I hardly saw Joe the whole rest of that week. He and Johnny finished the bat house; then they got another job about an hour north. The owners were away, and had offered to let the guys sleep there while they painted, and they said sure. Joe came by the store the day before they left and told me about the plan. “I get back maybe Tuesday,” he said. “So I’ll see you then.”
“Maybe,” I said. “I should probably be around.” Of course I had no plans but to be at Carol’s shop for the rest of the summer, but I made up some crap right there on the spot about maybe going on a buying trip with Carol to the city that week. Joe just shrugged.

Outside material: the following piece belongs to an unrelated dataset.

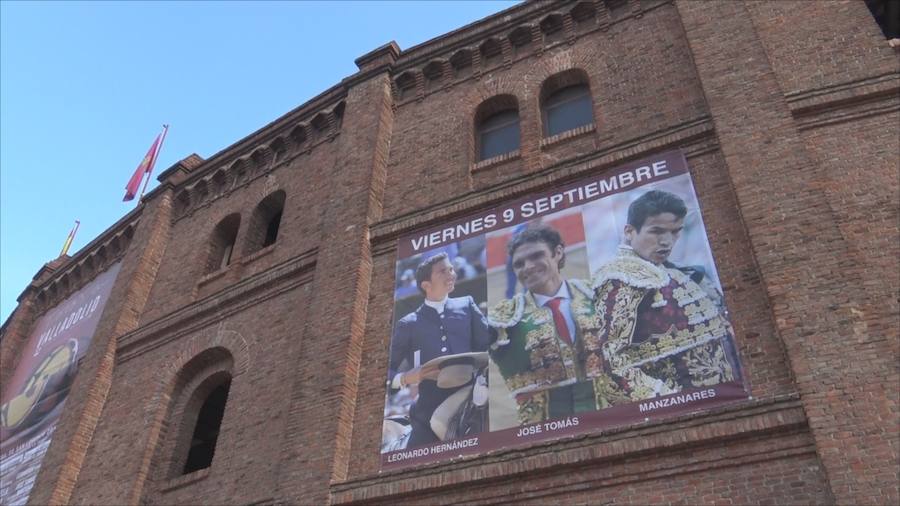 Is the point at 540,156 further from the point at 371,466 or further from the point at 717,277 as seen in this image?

“We’ll figure it out,” he said. I wondered at his confidence in me. He went out with his hands in his painter’s pants, with his strange sort of loping walk. I wasn’t sure what about him made me certain he wasn’t a boyfriend kind of guy, or at least that he couldn’t be my boyfriend. We had just fallen into an arrangement since that first night, or maybe it went even back further, to that day at camp. I wondered if this was the way Joe was with other girls, or just with me. If he was using me, he was oddly insistent that I be using him too, that we were in this thing together.